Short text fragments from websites
###

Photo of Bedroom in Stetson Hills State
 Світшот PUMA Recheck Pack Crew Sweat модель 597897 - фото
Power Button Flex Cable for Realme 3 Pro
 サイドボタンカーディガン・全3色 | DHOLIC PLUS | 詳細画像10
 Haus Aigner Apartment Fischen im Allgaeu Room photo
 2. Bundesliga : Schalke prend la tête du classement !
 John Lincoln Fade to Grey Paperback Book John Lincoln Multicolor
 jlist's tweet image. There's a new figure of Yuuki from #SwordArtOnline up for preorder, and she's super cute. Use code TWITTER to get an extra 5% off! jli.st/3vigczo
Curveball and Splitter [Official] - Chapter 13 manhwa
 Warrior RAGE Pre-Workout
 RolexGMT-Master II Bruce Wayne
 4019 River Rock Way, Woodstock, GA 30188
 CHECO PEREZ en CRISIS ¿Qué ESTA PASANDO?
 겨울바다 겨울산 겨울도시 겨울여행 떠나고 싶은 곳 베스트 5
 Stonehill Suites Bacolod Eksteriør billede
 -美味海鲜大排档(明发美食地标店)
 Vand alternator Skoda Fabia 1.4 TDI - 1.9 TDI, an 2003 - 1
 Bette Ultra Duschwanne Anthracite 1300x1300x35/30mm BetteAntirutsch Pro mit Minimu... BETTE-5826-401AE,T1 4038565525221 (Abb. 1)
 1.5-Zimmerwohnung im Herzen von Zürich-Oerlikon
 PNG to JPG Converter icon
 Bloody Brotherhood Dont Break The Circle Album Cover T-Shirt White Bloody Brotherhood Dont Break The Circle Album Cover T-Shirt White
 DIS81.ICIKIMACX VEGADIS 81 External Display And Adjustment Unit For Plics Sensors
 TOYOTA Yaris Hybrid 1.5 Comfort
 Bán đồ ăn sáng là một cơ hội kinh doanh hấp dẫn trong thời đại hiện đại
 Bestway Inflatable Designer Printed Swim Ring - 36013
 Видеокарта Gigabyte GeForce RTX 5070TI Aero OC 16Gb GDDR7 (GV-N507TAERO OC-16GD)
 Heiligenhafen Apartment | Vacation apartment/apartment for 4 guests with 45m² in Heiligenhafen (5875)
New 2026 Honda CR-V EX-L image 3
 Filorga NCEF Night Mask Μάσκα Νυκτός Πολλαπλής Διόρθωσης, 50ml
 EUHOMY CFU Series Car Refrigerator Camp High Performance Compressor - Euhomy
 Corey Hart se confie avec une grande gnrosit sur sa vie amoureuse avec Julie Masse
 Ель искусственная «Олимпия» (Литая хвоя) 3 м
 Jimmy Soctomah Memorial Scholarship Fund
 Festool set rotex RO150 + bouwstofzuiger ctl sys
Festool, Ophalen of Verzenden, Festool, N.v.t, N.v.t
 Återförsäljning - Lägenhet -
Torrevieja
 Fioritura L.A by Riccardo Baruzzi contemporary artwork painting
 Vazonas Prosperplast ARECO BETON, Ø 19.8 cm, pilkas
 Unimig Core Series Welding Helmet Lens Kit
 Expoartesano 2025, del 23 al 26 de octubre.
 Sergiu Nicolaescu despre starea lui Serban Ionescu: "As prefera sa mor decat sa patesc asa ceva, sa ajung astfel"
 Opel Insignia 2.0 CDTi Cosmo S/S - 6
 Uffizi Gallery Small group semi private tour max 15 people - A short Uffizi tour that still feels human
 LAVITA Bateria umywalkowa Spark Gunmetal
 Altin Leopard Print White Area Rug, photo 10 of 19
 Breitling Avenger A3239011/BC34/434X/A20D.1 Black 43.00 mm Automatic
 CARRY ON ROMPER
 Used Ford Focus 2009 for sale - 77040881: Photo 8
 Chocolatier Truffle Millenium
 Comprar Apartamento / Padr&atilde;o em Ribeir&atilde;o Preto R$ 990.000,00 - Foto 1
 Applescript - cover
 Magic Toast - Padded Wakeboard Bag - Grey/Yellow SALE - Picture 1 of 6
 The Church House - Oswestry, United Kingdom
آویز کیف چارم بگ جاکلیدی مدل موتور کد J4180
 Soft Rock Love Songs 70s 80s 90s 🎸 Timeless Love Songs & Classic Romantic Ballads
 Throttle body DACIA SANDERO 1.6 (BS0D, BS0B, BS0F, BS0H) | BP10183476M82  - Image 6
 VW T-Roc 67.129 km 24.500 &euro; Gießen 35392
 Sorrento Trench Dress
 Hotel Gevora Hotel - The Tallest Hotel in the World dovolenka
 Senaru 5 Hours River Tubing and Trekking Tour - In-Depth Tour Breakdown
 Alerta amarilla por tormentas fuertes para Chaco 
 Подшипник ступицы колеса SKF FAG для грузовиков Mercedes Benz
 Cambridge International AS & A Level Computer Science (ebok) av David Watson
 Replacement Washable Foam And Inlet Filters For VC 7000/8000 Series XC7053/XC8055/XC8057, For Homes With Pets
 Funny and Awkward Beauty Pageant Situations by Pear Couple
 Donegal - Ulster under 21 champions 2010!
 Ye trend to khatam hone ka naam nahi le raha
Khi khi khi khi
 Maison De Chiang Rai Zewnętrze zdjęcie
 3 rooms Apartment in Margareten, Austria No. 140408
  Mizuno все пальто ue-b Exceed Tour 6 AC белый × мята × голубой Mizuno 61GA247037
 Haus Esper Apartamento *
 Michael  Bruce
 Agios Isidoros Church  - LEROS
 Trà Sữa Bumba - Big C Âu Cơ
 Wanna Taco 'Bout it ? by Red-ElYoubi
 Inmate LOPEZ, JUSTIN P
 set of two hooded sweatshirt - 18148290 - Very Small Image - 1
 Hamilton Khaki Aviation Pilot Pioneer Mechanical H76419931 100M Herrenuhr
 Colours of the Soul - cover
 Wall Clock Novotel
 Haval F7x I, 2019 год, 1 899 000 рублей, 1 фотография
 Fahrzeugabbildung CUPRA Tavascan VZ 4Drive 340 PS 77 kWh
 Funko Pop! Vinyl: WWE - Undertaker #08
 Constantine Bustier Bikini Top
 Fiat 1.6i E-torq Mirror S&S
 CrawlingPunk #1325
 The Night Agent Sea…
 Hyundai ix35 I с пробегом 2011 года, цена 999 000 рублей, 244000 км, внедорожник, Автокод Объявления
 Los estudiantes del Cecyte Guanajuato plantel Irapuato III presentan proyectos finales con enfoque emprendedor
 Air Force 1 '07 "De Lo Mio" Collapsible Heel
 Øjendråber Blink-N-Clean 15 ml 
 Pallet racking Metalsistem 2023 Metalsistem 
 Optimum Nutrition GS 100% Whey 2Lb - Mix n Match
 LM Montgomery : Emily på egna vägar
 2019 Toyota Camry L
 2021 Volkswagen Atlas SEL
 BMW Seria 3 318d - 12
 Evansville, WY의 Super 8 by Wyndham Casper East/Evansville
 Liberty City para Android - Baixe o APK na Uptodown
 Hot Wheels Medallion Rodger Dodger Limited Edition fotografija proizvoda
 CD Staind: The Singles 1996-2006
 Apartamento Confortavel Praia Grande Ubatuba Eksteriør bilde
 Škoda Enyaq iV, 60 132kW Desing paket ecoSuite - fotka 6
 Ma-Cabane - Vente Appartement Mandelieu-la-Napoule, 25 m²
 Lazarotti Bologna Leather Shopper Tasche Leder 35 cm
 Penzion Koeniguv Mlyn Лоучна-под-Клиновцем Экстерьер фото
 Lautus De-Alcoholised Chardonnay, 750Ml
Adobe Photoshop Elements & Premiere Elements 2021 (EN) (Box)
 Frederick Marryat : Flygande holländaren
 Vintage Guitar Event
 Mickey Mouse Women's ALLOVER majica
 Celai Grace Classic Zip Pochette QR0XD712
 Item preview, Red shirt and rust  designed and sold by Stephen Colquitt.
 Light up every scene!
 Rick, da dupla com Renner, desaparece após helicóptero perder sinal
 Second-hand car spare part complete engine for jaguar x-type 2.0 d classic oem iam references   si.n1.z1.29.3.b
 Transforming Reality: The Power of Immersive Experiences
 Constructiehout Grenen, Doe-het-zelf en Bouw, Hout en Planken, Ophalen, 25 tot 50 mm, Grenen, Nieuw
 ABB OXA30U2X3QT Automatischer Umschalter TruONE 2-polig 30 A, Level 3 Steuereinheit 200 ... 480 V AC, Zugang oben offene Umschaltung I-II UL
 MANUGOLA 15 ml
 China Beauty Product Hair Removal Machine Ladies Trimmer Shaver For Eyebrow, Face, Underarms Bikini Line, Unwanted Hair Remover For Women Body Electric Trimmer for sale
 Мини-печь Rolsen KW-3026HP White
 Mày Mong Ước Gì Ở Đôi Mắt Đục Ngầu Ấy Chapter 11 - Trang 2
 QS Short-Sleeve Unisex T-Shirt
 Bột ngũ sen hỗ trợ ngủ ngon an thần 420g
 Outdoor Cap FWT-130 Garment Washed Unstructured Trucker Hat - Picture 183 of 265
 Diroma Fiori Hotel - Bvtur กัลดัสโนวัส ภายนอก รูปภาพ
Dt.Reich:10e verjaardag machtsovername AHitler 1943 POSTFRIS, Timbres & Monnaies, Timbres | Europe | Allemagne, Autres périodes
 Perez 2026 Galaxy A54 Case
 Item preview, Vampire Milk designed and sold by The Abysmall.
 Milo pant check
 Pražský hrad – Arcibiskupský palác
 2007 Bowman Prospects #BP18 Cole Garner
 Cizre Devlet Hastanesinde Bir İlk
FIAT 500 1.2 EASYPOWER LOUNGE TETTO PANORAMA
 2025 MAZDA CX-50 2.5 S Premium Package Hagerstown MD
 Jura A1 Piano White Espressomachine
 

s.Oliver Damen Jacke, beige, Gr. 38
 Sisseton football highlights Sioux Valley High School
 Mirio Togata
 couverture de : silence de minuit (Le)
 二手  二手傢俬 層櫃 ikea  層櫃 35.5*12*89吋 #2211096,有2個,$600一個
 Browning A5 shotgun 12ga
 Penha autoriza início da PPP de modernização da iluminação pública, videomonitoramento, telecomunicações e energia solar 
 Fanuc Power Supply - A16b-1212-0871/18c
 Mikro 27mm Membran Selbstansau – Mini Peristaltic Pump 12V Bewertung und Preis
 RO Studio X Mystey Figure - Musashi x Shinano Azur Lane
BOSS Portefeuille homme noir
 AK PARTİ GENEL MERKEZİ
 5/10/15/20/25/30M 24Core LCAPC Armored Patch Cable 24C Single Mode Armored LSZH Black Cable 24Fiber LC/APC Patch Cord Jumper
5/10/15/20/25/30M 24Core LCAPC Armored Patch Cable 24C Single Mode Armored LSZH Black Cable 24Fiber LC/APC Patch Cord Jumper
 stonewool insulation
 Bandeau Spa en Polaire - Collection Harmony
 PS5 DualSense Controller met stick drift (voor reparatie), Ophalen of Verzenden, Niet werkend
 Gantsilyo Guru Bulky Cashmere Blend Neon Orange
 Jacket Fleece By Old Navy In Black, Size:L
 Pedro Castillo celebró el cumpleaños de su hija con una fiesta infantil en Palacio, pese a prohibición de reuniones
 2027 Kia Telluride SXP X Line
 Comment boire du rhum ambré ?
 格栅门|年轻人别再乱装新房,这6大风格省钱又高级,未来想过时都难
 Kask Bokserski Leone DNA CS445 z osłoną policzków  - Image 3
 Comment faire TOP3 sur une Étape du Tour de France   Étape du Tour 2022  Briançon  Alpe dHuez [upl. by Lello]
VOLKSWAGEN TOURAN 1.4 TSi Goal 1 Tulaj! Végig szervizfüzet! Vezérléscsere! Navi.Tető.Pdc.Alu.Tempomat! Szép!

###

> WHAT NEEDS TO BE DONE:
Every line from the line containing "Ye trend to khatam hone ka naam nahi le raha" through the line containing "2021 Volkswagen Atlas SEL" in the records above must be retyped exactly. Leave out the rest.

> SOLUTION TO THE PROBLEM:
 Ye trend to khatam hone ka naam nahi le raha
Khi khi khi khi
 Maison De Chiang Rai Zewnętrze zdjęcie
 3 rooms Apartment in Margareten, Austria No. 140408
  Mizuno все пальто ue-b Exceed Tour 6 AC белый × мята × голубой Mizuno 61GA247037
 Haus Esper Apartamento *
 Michael  Bruce
 Agios Isidoros Church  - LEROS
 Trà Sữa Bumba - Big C Âu Cơ
 Wanna Taco 'Bout it ? by Red-ElYoubi
 Inmate LOPEZ, JUSTIN P
 set of two hooded sweatshirt - 18148290 - Very Small Image - 1
 Hamilton Khaki Aviation Pilot Pioneer Mechanical H76419931 100M Herrenuhr
 Colours of the Soul - cover
 Wall Clock Novotel
 Haval F7x I, 2019 год, 1 899 000 рублей, 1 фотография
 Fahrzeugabbildung CUPRA Tavascan VZ 4Drive 340 PS 77 kWh
 Funko Pop! Vinyl: WWE - Undertaker #08
 Constantine Bustier Bikini Top
 Fiat 1.6i E-torq Mirror S&S
 CrawlingPunk #1325
 The Night Agent Sea…
 Hyundai ix35 I с пробегом 2011 года, цена 999 000 рублей, 244000 км, внедорожник, Автокод Объявления
 Los estudiantes del Cecyte Guanajuato plantel Irapuato III presentan proyectos finales con enfoque emprendedor
 Air Force 1 '07 "De Lo Mio" Collapsible Heel
 Øjendråber Blink-N-Clean 15 ml 
 Pallet racking Metalsistem 2023 Metalsistem 
 Optimum Nutrition GS 100% Whey 2Lb - Mix n Match
 LM Montgomery : Emily på egna vägar
 2019 Toyota Camry L
 2021 Volkswagen Atlas SEL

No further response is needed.